Review by Willard Manus

LOS ANGELES -- Tony (Angels in America) Kushner's new play HOMEBODY/KABUL is a typical work of his: a sprawling social drama packed with ideas, impassioned language, cries of pain over man's inhumanity to man. Running 3 1/2 hours, the play unfolds slowly and maddeningly at times, but redeems itself time and time again with stunningly dramatic scenes that make the waiting worth it.

The first half of the play offers Linda Emond as The Homebody--a self-absorbed, deeply neurotic, do-gooder Englishwomean--delivering a 52-minute monologue in which she spills out her agonized feelings over the human condition as it exists in Afghanistan, a country she knows only from an out-of-date guidebook and from her glimpses of it on the evening news. Emon delivers the monologue in commanding fashion, but often irritates with her annoying diction and whininess.

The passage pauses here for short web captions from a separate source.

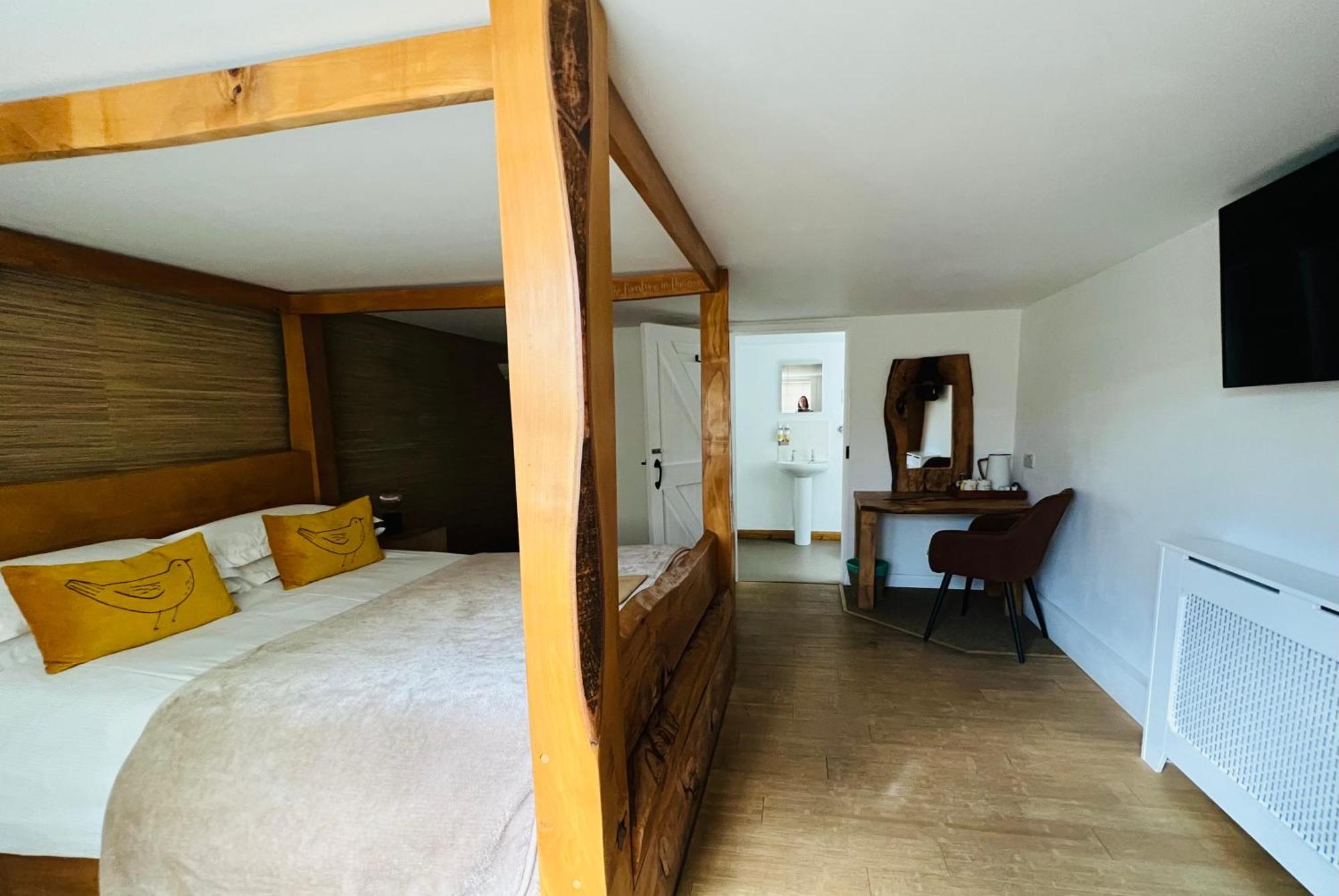 Cottage Lodge Hotel Brockenhurst Εξωτερικό φωτογραφία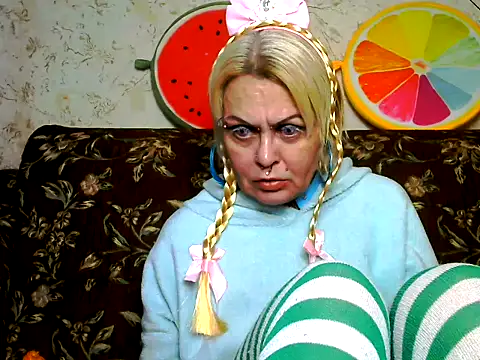 Gardener of Illusions online show from 02.09.26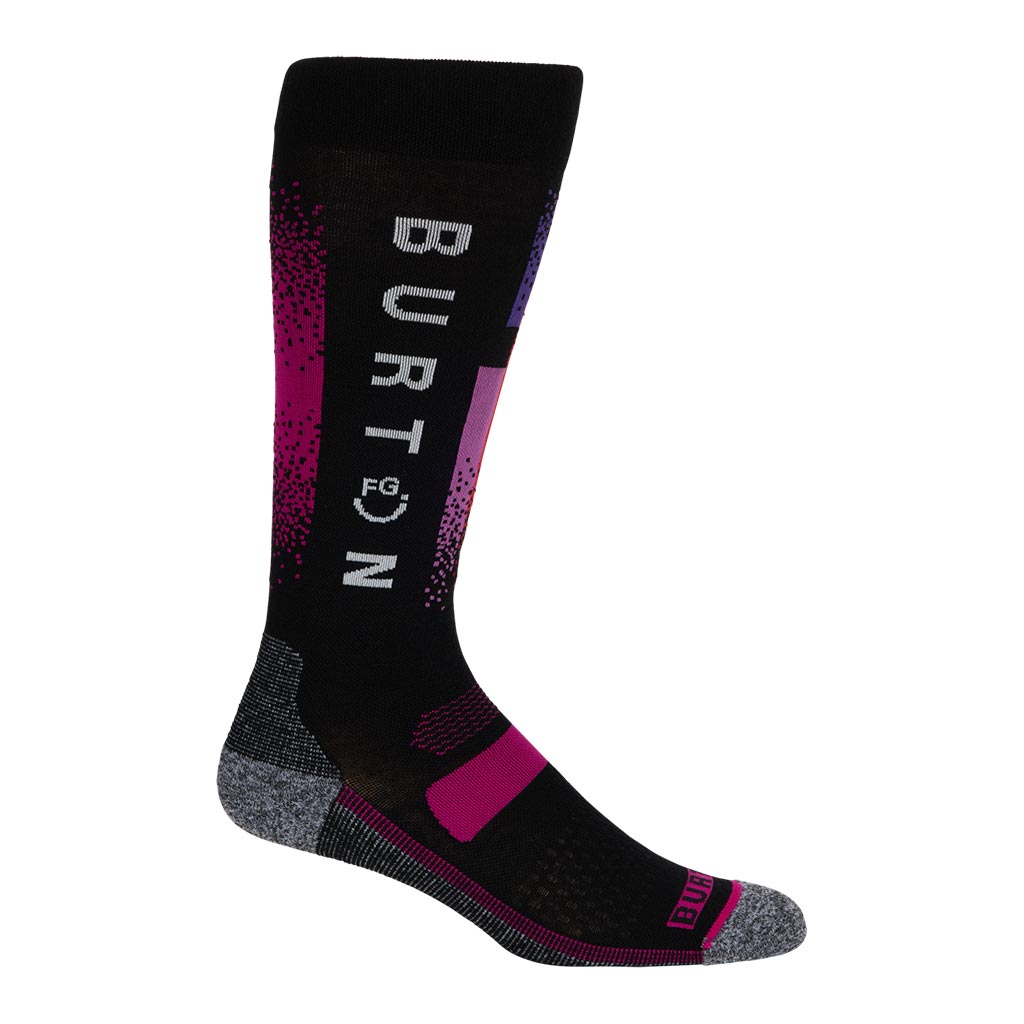 Burton Womens Performance Ultralight Socks - Feelgood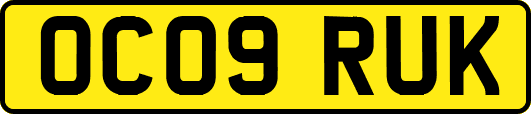 OC09RUK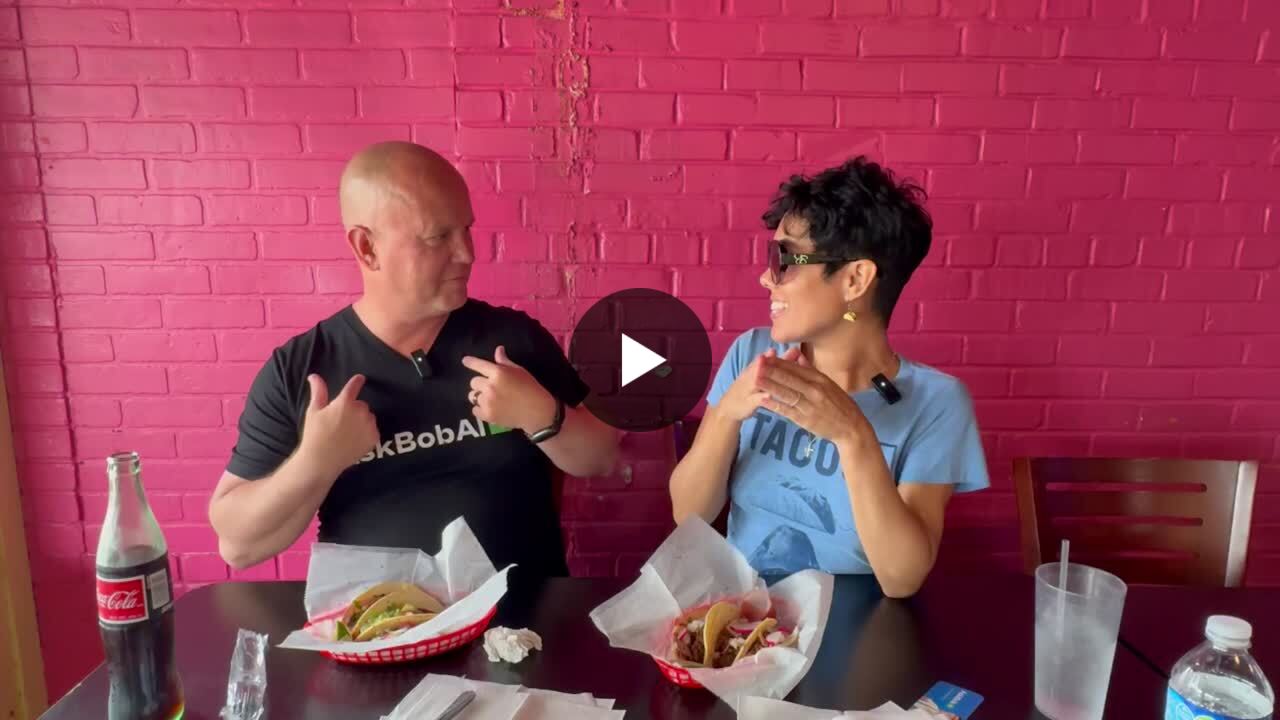 Andrew DeGood — AskBobAI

Kushner's play originally stopped at this point, but then he wrote a second act set in Kabul, where Milton Ceiling (Reed Birney) and his daughter Priscilla (Maggie Gyllenhaal) have arrived to try and find The Homebody, who suddenly left them and their English home and garden and took off for Afghanistan in search of the beauty and peace promised by the guidebook, knowing at the same time that the Taliban was in control of the country. The Homebody was never heard from again, having presumably been killed by Muslim zealots for daring to go out in public without covering up in a burka.

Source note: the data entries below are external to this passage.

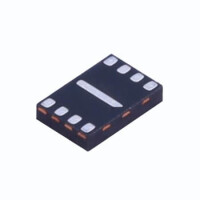 IS25LP040E-JYLE-TR IC-25LP040 FLASH 4MBIT SPI/QUAD 8USON - 1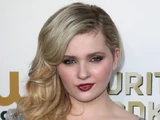 Abigail Breslin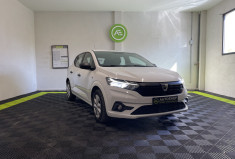 Dacia Sandero III (BJI) 1.0 SCe 65ch Confort / Suivi entretien complet
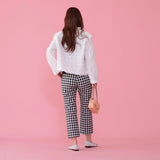 Lace Jacket - MAISON MARBLE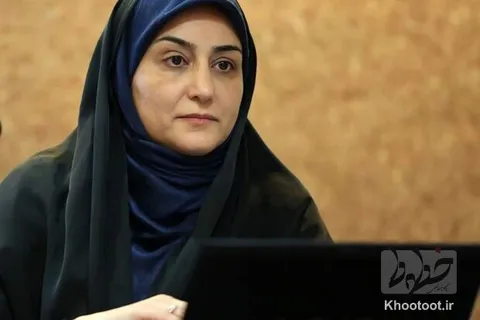 ارسال ۹۷ اثر پژوهشی به جشنواره ملی فناوری کتابخانه ملی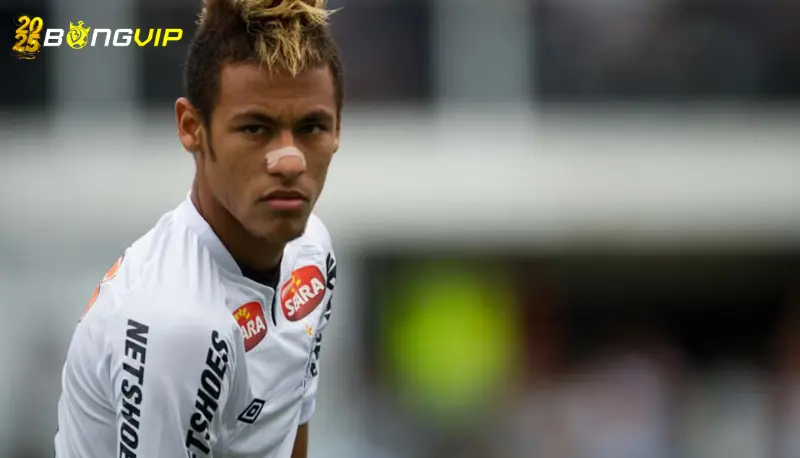 Neymar ghi bàn đầu tiên sau 503 ngày Quãng thời gian khó khăn trước khi Neymar ghi bàn đầu tiên sau 503 ngày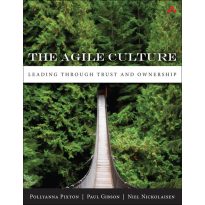 The Agile Culture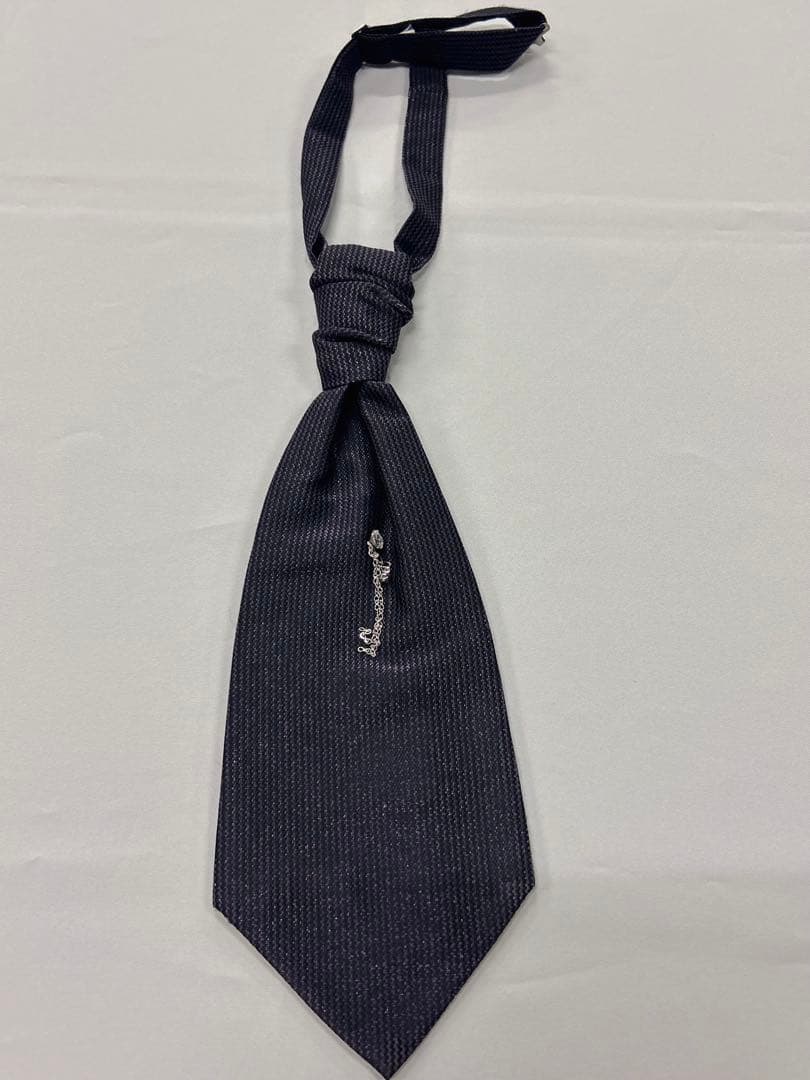 fourisherie uomo 黒ストライプタキシード4点セットサイズAM - メルカリ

Milton is overwhelmed by the poverty and bigotry of Kabul and retreats to his hotel room, leaving it up to the teenaged Priscilla to venture out in search of her mother. Kushner strains credulity by putting the burden of the story on the shoulders of such a young, disturbed girl (Priscilla's already been through drugs, abortion, attempted suicide), but he pretty much gets away with it, thanks to the scenes involving the local Afghanies--Khwaja (Firdous Bamji), a poet (In Esperanto, no less) turned guide; Mullah Ali (Aaasif Mandvi), a Taliban spokesman; and Mahata (Rita Wolf), an upper-class woman driven nearly mad by the puritannical viciousness of the current regime.

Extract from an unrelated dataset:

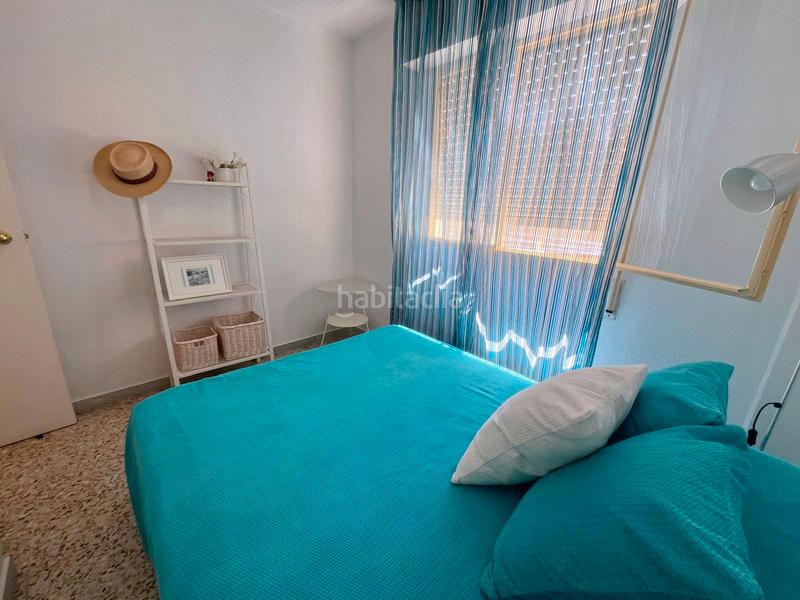 Foto 1f224b40-7a21-4cf6-9eef-a62a52377cd0. Location appartement avec chauffage parking dans Delicias Águilas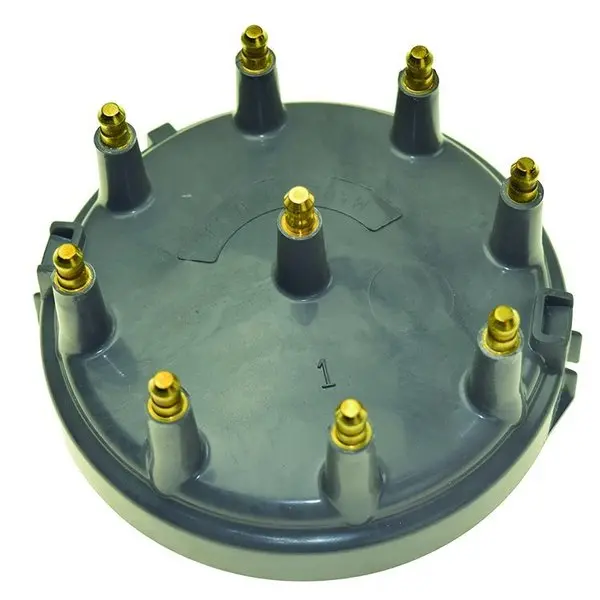 Cdi Electronics E64-0009 Distributor Cap - Omc,  Volvo 1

The plight of Afghanistan lies at the heart of the play: a jewel of a country torn apart by geo-political forces (Russia and the KGB, the USA and the CIA, Islamic fundamentalism, etc.) The spectacle of human beings trying to stand up to such naked power and aggression is not a pretty one. HOMEBODY/KABUL is full of violence, blood and torment, but it is not nihilistic; Kushner also sees hope and humanity in the mess the world has made of Afghanistan, and he dramatizes his point of view in provocative and oft-gripping fashion. His able cast and director (Frank Galati) back him up admirably as well.